* [Web page caption snippets]:
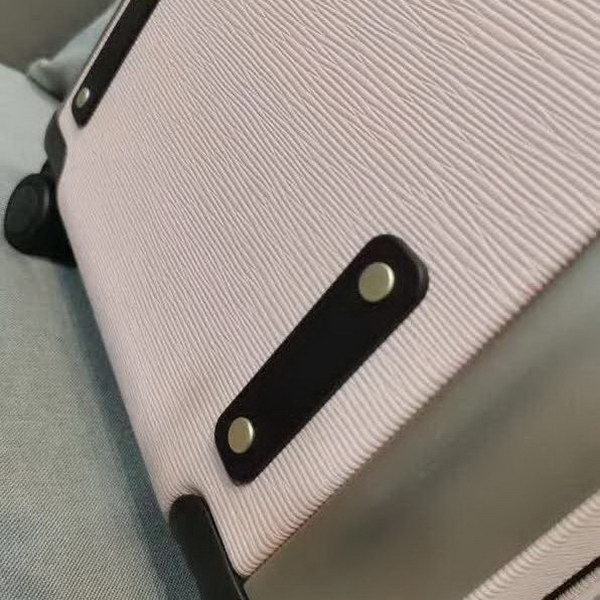 路易威登/LV 旅行箱，釆用经典水波纹系列，变色皮，铝制宽拉杆时尚大气，独特设计理念，时尚潮流，众多明星同款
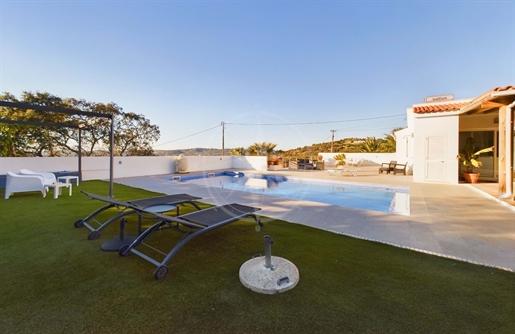 Santa Bárbara / Loulé moradia renovada com 2 quartos, piscina e vistas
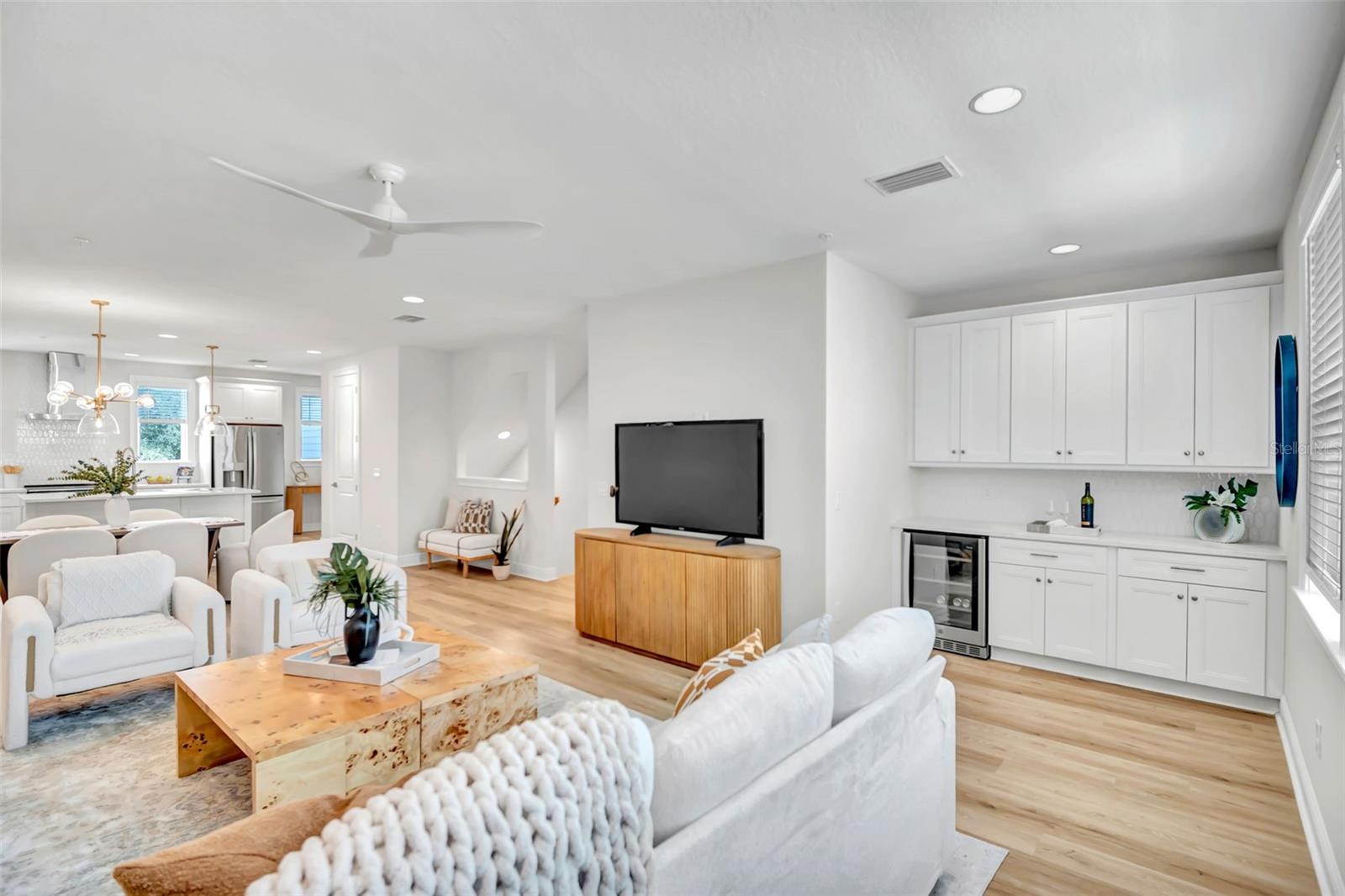 208 W FRANCES AVE #3 — photo 7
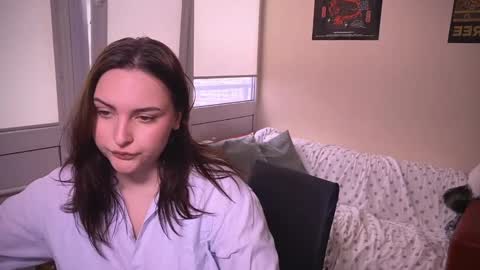 Snapshot of wievin chatting on 02-13-25, 08:06 VI online show from 02-13-25, 08:06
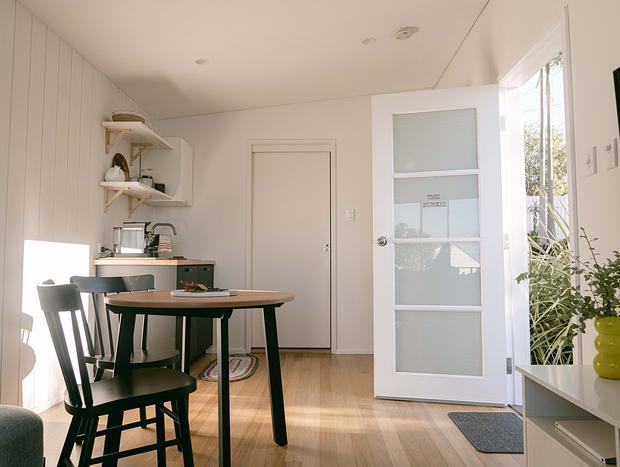 Photo 14 for The Bunkie in Bundeena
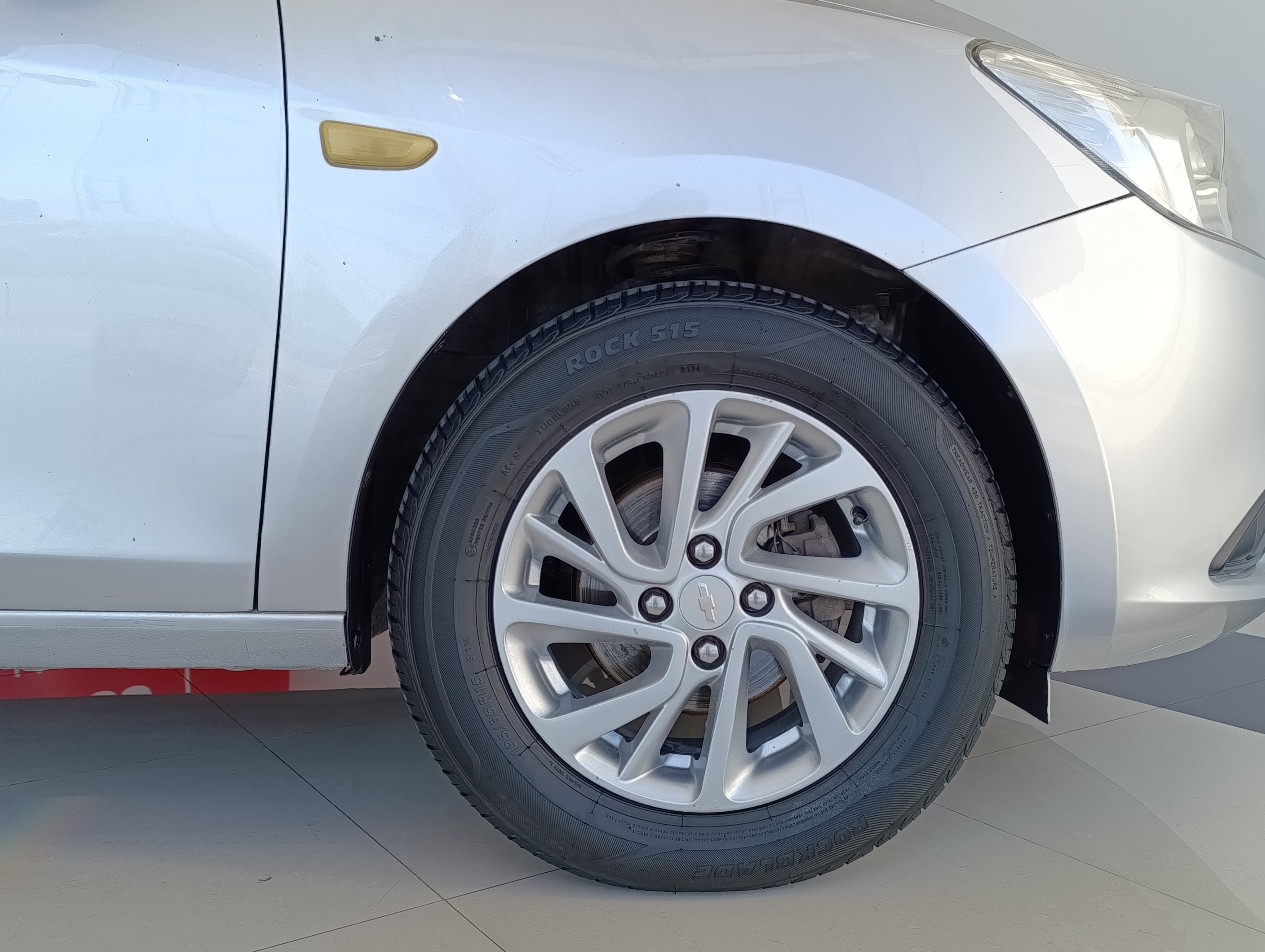 Chevrolet AVEO Lateral derecho 29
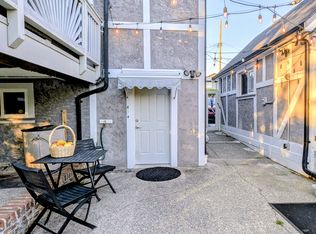 755 Gladiola Ave, Saanich, BC V8Z2T2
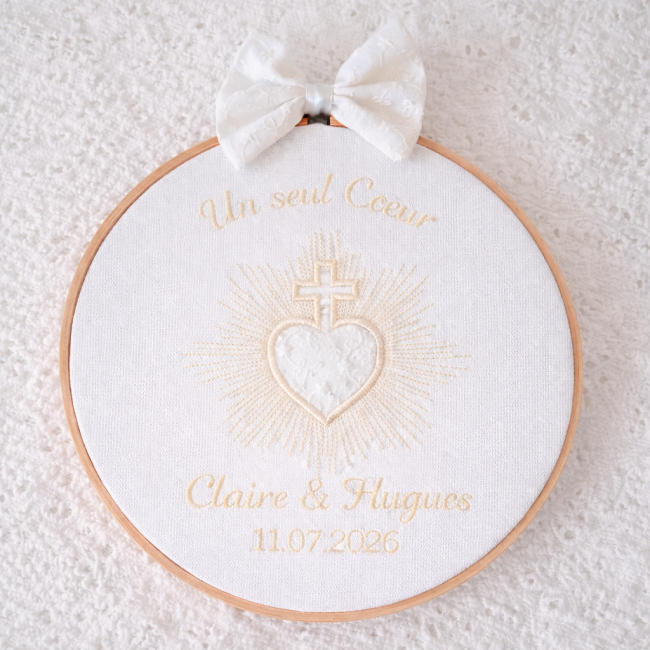 tambour coeur sacré applique broderie anglaise mariés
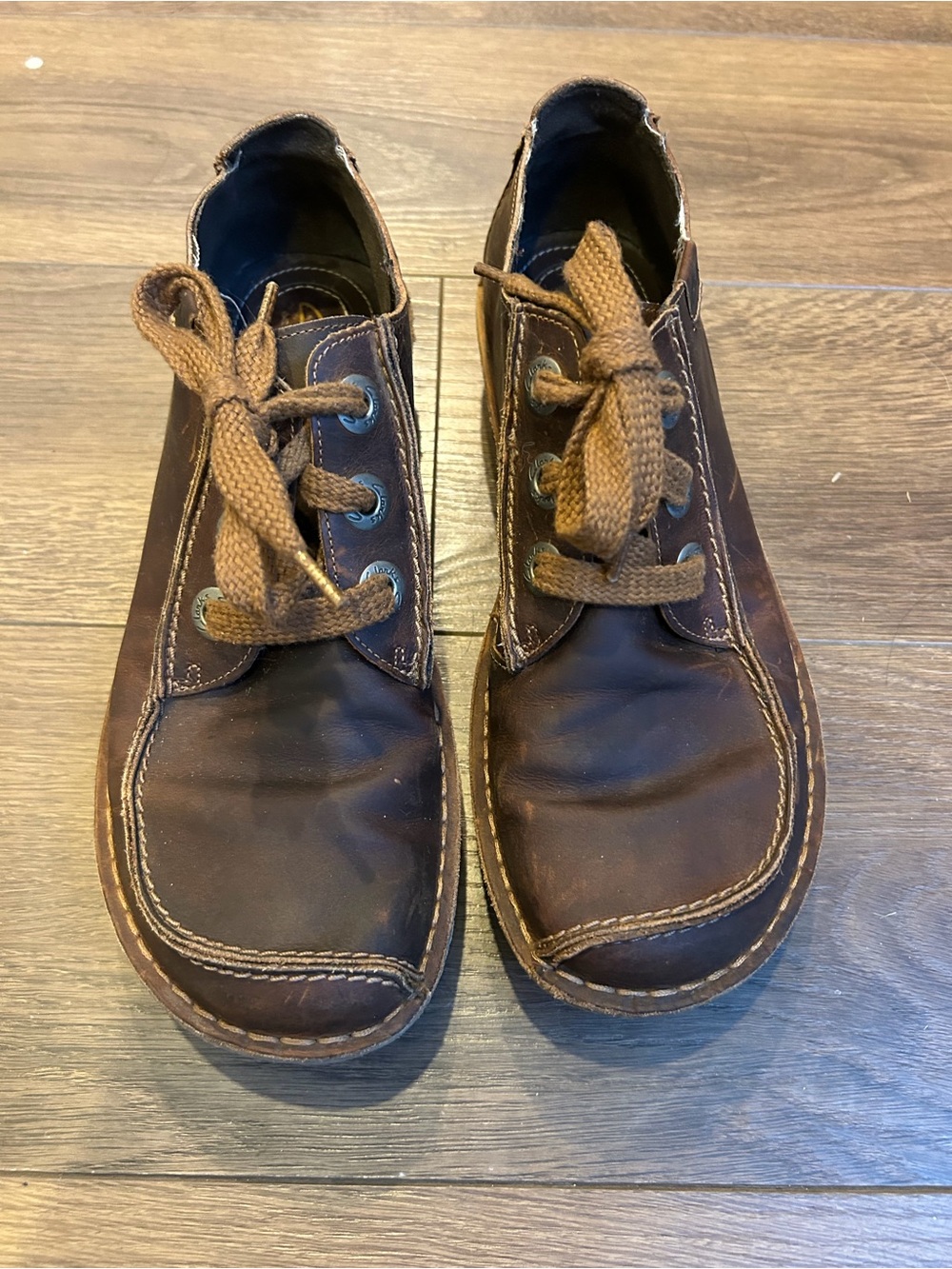 Clarks Funny Dream Artisan leather chukka ankle boots Women’s size 10 / 41.5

* [About this task]: Return the entries above exactly, skipping any images.

* [Answer box]:
 路易威登/LV 旅行箱，釆用经典水波纹系列，变色皮，铝制宽拉杆时尚大气，独特设计理念，时尚潮流，众多明星同款
 Santa Bárbara / Loulé moradia renovada com 2 quartos, piscina e vistas
 208 W FRANCES AVE #3 — photo 7
 Snapshot of wievin chatting on 02-13-25, 08:06 VI online show from 02-13-25, 08:06
 Photo 14 for The Bunkie in Bundeena
 Chevrolet AVEO Lateral derecho 29
 755 Gladiola Ave, Saanich, BC V8Z2T2
 tambour coeur sacré applique broderie anglaise mariés
 Clarks Funny Dream Artisan leather chukka ankle boots Women’s size 10 / 41.5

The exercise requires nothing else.